Supporters raise signs as Democratic presidential hopeful Bernie Sanders campaign rally in downtown Grand Rapids, Michigan, on March 8, 2020. (JEFF KOWALSKY/AFP via Getty Images)
Supporters raise signs as Democratic presidential hopeful Bernie Sanders campaign rally in downtown Grand Rapids, Michigan, on March 8, 2020. (JEFF KOWALSKY/AFP via Getty Images)

There’s democracy at the federal level. Then there’s the states, once called the laboratory of democracy.

Political scientist Jake Grumbach decided to measure the health of democracy at the state level. Take for example, Tennessee.

“Do Tennessee’s democratic institutions allow for the broad participation of Tennesseans? That’s a really important part of democracy,” he says.

Grumbach says democracy in Tennessee is in trouble.

“The state legislature has been on a steady … march for the last decade of preempting overturning local laws,” Sekou Franklin says.

“They’ve targeted cities and prevented us from establishing an affordable housing policy. Local officials are reluctant to do anything about it because they feel that it will be overturned by the state.”

Today, On Point: Tennessee and a case study of the health of democracy in America’s state legislatures.


Blaise Gainey, political reporter for Nashville Public Radio.

Sekou Franklin, professor of political science at Middle Tennessee State University. Author of Losing Power: African Americans and Racial Polarization in Tennessee Politics and After the Rebellion: Social Movement Activism and Popular Mobilization among the Post-Civil Rights Generation.

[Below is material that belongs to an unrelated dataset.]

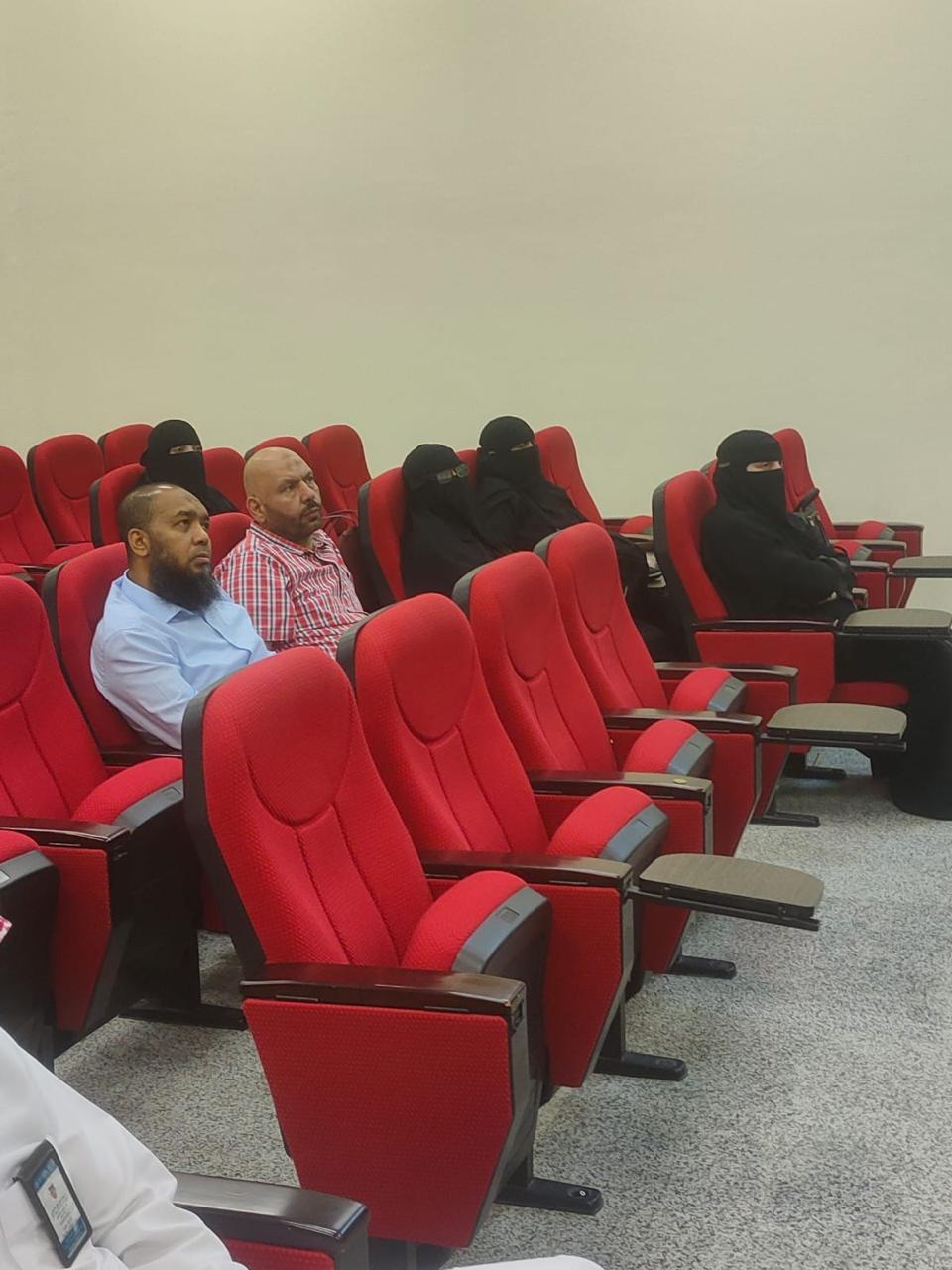 كلية الطب بالقنفذة تقيم ورشة عمل بعنوان "اعداد اسئلة الاختبار"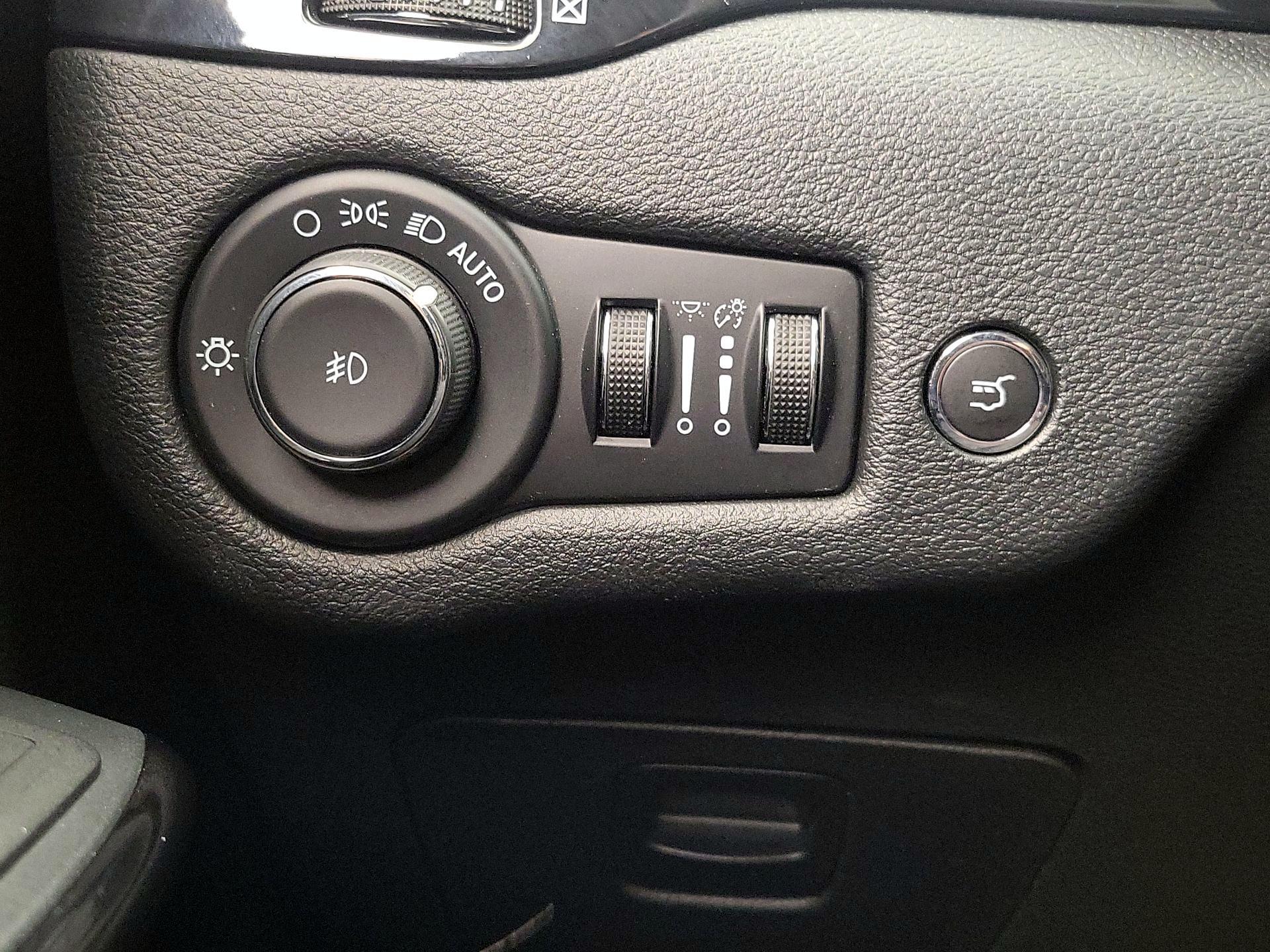 Thumbnail: 2023 Jeep Cherokee - 13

Gino Bulso, Republican state representative representing District 61.

Also Featured

Jake Grumbach, political scientist at the University of Washington and author of Laboratories Against Democracy.

Greta McClain, executive director of Silent No Longer Tennessee.

Sheila Clemmons Lee, led an effort to establish a Community Oversight Board in Nashville.

Interview Highlights

On the kind of democracy we see at work in the Tennessee State Assembly

Blaise Gainey: “The Republicans have a supermajority, so it doesn’t really matter what the Democrats want to say on bills. The Republicans can still choose to pass it or not. But he’s just saying, let our voices be heard. You know, we all represent 70,000 some odd, you know, citizens and they didn’t elect us to come up here and sit silent. And so I think, you know, what you see is the Republicans trying to, you know, just do what they like, instead of allowing Democrats to at least be able to speak up.”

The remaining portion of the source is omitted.